‘Walk to end Alzheimer’s’ slated for Saturday

By Tom Joyce - tjoyce@mtairynews.com

It’s said that a long journey starts with a single step, and those to be taken by hundreds of people Saturday in Mount Airy could help lead to a long-awaited remedy for Alzheimer’s disease.

“We have to do something to find a cure,” said Phyllis Whitaker of Mount Airy, whose husband Phill, 76, has suffered from the disease for 14 years, one that robs victims of the gift of their minds.

“He does not know who I am most of the time,” Phyllis Whitaker added Tuesday. “It’s devastating.”

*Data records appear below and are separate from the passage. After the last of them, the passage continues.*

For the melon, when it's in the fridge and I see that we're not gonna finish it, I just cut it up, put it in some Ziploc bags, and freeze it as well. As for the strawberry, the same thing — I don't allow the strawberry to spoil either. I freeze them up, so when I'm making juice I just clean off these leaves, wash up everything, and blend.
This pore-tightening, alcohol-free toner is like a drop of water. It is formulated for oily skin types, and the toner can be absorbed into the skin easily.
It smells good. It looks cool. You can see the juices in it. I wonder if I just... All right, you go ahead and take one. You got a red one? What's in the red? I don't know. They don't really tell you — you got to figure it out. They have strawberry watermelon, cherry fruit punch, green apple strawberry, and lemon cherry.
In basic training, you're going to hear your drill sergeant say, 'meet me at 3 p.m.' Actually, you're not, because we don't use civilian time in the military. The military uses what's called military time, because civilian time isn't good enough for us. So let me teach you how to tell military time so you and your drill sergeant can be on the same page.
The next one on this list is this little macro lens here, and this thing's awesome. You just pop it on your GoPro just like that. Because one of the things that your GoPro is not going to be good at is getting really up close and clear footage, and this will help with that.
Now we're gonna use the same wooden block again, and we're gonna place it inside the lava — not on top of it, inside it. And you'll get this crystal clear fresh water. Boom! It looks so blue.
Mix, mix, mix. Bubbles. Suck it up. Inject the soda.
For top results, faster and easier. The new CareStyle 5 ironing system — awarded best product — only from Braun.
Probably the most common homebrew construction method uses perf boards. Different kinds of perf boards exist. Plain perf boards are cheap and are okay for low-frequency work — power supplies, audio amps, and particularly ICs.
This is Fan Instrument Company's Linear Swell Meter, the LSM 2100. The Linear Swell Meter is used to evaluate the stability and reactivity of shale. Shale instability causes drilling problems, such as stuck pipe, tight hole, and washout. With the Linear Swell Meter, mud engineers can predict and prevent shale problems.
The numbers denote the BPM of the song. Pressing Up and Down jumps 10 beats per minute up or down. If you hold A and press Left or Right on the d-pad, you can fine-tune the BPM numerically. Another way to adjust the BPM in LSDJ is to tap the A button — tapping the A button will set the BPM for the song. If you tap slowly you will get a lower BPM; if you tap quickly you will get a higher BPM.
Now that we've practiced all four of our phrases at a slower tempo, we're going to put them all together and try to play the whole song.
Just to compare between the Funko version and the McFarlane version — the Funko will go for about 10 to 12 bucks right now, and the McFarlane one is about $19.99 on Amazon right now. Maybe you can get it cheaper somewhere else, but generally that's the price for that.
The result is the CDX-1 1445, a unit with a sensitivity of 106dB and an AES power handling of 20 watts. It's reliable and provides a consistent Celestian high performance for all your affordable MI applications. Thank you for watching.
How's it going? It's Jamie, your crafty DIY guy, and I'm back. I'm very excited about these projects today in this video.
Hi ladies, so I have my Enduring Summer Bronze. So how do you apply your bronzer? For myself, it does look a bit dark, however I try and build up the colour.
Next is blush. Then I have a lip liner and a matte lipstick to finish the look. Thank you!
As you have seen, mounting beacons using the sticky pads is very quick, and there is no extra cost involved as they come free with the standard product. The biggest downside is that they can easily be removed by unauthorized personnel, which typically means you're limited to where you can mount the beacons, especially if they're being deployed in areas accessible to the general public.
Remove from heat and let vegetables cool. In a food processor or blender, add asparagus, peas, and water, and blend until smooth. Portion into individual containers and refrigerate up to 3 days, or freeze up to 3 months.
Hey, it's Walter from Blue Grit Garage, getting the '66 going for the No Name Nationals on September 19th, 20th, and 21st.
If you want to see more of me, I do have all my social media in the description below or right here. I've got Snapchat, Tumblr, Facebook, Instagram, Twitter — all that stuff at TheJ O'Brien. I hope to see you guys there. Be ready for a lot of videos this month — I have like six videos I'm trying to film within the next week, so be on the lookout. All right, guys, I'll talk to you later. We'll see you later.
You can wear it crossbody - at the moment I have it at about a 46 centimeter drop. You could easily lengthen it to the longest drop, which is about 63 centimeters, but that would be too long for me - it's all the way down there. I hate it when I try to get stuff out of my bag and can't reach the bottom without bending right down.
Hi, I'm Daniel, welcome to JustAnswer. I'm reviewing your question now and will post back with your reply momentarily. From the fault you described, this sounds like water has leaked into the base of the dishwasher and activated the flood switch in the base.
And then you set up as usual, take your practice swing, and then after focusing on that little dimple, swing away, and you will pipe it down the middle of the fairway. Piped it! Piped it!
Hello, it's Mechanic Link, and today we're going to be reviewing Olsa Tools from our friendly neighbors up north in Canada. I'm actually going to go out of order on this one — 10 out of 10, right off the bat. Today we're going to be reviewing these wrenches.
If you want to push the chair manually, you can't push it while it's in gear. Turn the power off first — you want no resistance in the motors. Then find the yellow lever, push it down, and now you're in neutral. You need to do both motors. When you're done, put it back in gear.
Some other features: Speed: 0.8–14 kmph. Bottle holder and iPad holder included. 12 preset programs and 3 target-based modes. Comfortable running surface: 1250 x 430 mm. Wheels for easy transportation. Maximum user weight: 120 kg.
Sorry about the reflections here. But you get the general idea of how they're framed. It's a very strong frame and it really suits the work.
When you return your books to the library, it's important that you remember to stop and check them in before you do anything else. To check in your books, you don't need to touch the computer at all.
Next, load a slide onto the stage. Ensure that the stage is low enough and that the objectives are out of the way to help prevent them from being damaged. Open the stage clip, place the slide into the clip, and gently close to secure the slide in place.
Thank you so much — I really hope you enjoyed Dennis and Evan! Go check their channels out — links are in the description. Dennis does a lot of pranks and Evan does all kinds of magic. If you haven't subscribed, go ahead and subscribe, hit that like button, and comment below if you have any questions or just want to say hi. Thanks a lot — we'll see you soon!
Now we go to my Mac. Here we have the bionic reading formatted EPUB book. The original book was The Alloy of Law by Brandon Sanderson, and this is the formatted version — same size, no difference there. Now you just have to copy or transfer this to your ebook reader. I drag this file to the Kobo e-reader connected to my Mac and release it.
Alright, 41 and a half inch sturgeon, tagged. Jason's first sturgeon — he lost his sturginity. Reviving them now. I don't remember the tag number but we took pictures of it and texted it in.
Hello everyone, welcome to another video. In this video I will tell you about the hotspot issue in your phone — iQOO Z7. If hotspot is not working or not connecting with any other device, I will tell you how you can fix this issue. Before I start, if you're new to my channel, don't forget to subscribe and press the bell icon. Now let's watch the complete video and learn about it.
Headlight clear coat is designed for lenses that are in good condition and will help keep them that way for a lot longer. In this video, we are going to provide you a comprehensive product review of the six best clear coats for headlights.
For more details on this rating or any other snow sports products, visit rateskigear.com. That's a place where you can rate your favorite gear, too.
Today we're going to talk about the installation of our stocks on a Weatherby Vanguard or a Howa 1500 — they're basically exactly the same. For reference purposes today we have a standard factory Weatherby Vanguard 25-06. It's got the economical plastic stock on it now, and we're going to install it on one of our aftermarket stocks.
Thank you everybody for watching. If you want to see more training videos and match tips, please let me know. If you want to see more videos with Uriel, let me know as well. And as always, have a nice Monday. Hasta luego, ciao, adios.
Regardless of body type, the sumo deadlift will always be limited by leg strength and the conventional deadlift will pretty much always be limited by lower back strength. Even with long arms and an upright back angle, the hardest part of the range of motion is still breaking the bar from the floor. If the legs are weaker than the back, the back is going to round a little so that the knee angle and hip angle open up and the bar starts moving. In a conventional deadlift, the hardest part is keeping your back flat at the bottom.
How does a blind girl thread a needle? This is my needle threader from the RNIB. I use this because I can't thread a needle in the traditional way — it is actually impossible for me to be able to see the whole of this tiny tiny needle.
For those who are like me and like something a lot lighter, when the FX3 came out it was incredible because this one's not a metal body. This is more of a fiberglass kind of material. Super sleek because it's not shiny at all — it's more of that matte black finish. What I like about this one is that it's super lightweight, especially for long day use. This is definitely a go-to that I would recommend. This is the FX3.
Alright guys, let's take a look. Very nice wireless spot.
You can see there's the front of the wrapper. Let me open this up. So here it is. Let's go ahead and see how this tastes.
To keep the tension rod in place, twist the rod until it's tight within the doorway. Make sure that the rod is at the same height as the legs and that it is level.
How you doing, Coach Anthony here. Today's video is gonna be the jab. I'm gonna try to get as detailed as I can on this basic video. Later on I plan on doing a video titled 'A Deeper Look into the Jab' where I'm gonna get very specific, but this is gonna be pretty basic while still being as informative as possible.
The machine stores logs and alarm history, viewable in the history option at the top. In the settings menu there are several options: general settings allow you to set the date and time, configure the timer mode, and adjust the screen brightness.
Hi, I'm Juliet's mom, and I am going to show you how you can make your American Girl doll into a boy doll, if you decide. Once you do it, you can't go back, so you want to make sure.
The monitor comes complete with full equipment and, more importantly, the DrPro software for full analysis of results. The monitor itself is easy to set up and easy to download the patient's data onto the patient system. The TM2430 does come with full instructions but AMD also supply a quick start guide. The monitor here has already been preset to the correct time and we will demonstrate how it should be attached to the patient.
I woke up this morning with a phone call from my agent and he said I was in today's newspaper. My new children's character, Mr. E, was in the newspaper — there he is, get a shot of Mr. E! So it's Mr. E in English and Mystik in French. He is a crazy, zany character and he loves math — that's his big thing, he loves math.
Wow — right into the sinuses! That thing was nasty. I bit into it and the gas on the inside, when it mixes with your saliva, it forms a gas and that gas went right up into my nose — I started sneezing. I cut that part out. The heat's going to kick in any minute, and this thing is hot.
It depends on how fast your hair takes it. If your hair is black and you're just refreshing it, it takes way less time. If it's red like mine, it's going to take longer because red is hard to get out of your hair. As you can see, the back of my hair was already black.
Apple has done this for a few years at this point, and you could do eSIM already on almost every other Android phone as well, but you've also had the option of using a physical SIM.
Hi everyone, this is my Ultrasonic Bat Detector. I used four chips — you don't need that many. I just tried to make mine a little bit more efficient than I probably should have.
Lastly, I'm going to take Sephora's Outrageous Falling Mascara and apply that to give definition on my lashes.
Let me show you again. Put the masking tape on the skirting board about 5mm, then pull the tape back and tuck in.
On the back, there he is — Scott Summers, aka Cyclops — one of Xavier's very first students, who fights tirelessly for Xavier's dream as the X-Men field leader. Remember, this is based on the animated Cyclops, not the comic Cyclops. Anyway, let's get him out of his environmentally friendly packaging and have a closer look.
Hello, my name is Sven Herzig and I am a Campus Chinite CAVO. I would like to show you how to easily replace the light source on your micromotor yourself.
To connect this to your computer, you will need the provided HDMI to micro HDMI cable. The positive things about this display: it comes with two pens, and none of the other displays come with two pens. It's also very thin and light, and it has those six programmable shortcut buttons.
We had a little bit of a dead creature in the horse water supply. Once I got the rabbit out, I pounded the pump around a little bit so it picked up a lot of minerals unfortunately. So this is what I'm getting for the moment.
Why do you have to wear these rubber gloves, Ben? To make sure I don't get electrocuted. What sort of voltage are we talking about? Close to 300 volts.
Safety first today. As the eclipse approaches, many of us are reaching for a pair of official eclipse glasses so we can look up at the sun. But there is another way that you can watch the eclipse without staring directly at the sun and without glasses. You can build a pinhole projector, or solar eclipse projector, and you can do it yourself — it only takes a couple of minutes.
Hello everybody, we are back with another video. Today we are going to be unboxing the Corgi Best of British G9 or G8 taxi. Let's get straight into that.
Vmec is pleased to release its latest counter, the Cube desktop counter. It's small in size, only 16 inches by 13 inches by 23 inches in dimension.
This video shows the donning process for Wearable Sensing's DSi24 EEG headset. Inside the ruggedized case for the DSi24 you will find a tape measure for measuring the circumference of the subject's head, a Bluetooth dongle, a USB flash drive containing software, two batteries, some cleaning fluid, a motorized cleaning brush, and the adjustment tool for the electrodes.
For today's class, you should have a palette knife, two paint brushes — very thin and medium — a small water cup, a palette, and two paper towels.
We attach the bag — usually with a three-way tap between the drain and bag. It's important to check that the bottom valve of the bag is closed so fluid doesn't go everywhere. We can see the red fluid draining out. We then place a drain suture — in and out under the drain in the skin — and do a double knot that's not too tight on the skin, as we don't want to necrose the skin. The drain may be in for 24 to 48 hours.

One in 10 people age 65 and older has Alzheimer’s dementia.

The Whitaker family has attempted to fight back by attending the annual Walk to End Alzheimer’s in Mount Airy. It will be held again Saturday from 9 a.m. to noon, when the public is invited to “take the first step to a world without Alzheimer’s.”

“We’ve been doing the walk, I think, about seven years,” Mrs. Whitaker said, which has included forming “Team Phill,” a group named for her husband which is one of 34 teams raising funds in conjunction with the 2018 event.

Registration/check-in for Saturday’s walk begins at 9 a.m., with a ceremony to be held at 10 a.m. Deborah Cochran, former mayor of Mount Airy, and David Bumgarner of Behavioral Services Inc., will emcee the gathering.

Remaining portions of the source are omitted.